4: Setup the Azure Monitor Action Group which links together the Connection_ID (which you get from the previous task) and workspace ID which is the Log Analytics Workspace (also the JSON template for setting up the Ticket Configuration)
resource "azurerm_monitor_action_group" "exampleag" {
  name                = " itsm_action_group"
  resource_group_name = azurerm_resource_group.example.name
  short_name          = "ITSMAG"
  itsm_receiver {
    name                 = "createorupdateticket"
    workspace_id         = "workspace_id"
    connection_id        = "connection_id"
    ticket_configuration = "{\"PayloadRevision\":1,\"WorkItemType\":\"Incident\",\"UseTemplate\":false,\"WorkItemData\":\"{\\\"u_template_applied\\\":\\\"OMS Incident\\\"}\",\"CreateOneWIPerCI\":false,\"CreateOneWIPerLog\":false}"
    region               = "westeurope"
  }
}

5: Once the Action Group is in place, we can create monitoring rules based upon Log Analytics Kusto Queries, which then references the action that is created. Note: that the kusto query here is just an example to showcase how to set up the integration and is a bad example of a monitoring rule.
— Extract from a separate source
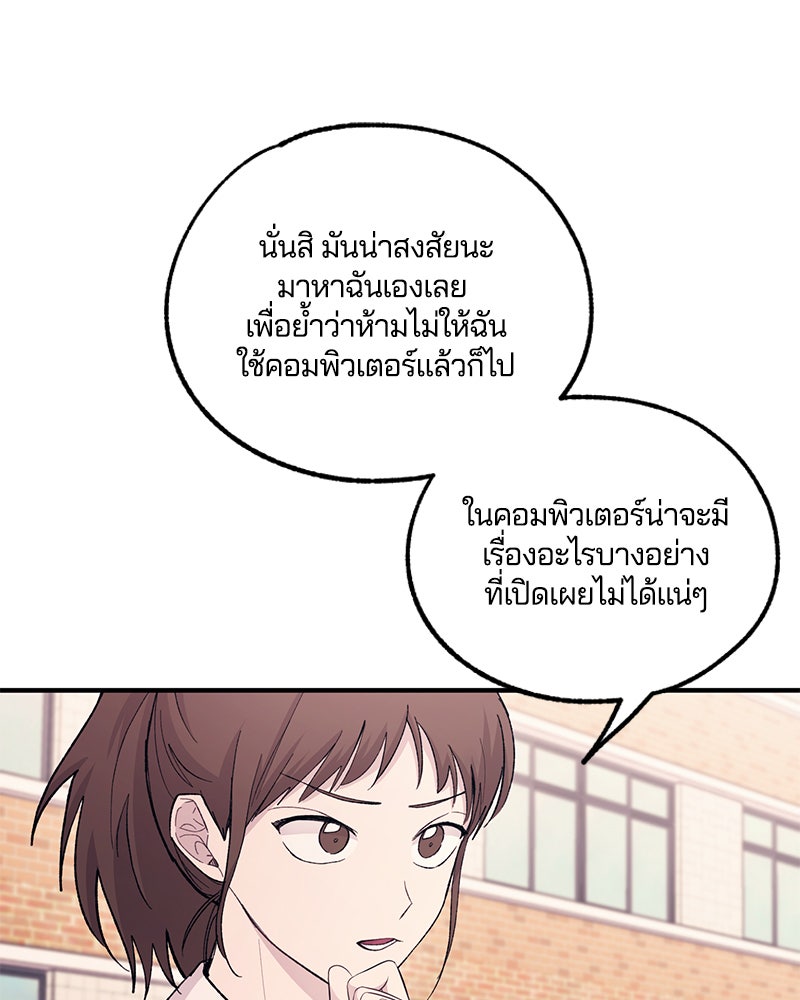รักใสๆ ของยอนอู - หน้า 43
data "azurerm_monitor_action_group" "exampleag" {
  resource_group_name = azurerm_resource_group.example2.name
  name                = azurerm_monitor_action_group.exampleag.name
}
resource "azurerm_monitor_scheduled_query_rules_alert" "qrules" {
  name                = "awesomerule1"
  location            = azurerm_resource_group.example2.location
  resource_group_name = azurerm_resource_group.example2.name
  action {
    action_group = [data.azurerm_monitor_action_group.exampleag.id]
  }
  data_source_id = azurerm_log_analytics_workspace.examplela.id
  description    = "Alert when caller IP from known source"
  enabled        = true
  # Count all requests with server error result code grouped into 5-minute bins
  query       = <<-QUERY
AzureActivity 
| where TimeGenerated > ago(24h) 
| where CallerIpAddress == "94.102.41.133"
  QUERY
  severity    = 1
  frequency   = 5
  time_window = 30
  trigger {
    operator = "GreaterThan"
    threshold = 3
  }
}

Using this approach, you can easily automate monitoring rules with Terraform which will then automatically create an incident in Service Now.